[Activity]: In the listing that follows, the range to quote begins at the line that has "Scatolati camerati bianchi" and ends after the line that has "breket tameng depan"; quote it verbatim and add nothing.

[Source records]:
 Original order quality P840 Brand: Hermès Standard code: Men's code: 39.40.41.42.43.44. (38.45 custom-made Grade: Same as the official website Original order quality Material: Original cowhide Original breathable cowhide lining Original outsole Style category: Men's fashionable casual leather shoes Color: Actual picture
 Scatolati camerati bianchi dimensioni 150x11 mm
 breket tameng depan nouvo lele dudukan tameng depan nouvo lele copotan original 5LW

--

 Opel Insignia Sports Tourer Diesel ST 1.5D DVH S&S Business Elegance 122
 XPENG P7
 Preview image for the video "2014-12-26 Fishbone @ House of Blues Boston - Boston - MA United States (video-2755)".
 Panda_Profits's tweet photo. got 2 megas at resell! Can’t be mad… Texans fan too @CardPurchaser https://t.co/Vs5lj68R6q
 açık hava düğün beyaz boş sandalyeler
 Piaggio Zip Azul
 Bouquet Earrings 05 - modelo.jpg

[Exercise response]:
 Scatolati camerati bianchi dimensioni 150x11 mm
 breket tameng depan nouvo lele dudukan tameng depan nouvo lele copotan original 5LW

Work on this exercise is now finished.